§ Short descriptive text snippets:
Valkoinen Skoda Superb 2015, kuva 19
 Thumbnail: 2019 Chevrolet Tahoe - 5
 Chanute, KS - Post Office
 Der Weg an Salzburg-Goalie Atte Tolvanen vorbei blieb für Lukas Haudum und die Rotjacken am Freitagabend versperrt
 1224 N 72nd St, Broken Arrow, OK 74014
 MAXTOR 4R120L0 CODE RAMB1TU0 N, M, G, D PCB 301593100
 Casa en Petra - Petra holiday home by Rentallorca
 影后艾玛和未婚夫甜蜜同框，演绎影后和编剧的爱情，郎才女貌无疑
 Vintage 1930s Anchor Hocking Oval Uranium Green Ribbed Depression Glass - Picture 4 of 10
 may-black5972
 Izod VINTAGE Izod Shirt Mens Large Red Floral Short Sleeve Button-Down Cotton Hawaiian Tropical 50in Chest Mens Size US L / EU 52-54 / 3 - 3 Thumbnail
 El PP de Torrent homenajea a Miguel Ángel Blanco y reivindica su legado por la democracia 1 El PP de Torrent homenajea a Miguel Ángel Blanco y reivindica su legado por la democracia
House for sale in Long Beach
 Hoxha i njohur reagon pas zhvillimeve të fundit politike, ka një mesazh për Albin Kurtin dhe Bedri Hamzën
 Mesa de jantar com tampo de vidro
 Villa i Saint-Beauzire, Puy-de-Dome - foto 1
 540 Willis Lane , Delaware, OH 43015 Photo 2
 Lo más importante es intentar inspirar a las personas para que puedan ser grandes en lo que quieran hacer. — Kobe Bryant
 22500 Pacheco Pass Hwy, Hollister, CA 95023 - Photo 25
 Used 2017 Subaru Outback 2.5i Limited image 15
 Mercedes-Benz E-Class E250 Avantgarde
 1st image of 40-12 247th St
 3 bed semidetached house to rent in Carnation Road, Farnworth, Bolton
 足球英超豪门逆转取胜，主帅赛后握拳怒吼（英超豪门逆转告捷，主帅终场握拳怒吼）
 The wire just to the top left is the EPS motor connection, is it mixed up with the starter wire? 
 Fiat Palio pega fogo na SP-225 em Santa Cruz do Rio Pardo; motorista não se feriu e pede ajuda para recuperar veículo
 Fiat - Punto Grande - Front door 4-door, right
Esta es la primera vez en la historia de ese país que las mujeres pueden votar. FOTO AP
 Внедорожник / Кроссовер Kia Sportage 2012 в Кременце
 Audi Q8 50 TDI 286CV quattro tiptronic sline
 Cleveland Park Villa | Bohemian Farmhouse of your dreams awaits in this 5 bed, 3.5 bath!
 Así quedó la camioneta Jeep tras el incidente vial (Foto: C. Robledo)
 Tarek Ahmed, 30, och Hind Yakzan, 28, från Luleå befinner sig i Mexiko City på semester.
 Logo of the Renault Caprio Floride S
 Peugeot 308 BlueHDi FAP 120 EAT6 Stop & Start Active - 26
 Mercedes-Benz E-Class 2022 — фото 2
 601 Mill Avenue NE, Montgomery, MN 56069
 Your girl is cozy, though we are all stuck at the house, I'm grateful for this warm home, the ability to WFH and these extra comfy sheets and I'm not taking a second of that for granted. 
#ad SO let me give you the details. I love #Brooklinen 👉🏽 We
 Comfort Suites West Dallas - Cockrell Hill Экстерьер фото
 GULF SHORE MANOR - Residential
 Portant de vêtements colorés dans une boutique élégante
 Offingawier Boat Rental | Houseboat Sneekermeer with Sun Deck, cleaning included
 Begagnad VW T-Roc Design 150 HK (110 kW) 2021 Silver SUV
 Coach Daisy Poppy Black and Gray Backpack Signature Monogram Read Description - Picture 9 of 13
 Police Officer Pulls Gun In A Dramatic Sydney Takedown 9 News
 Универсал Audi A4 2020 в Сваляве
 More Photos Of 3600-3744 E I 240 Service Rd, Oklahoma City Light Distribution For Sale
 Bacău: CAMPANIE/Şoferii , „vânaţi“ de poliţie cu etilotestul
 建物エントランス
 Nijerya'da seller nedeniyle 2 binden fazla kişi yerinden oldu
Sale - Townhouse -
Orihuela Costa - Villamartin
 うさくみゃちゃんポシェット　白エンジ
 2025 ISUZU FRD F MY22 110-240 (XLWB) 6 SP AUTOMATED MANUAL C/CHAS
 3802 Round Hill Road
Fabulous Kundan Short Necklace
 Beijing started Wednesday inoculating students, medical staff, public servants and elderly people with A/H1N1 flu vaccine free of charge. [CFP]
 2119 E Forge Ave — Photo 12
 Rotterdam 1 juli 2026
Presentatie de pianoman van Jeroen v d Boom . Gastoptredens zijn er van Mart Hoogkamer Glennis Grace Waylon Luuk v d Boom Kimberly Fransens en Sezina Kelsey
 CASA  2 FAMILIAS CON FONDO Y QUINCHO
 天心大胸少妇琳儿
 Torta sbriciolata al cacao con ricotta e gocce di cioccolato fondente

§ WORK TASK: Collect the lines of the records that include the string "Thumbnail".

§ OUTPUT OF THE TASK:
 Thumbnail: 2019 Chevrolet Tahoe - 5
 Izod VINTAGE Izod Shirt Mens Large Red Floral Short Sleeve Button-Down Cotton Hawaiian Tropical 50in Chest Mens Size US L / EU 52-54 / 3 - 3 Thumbnail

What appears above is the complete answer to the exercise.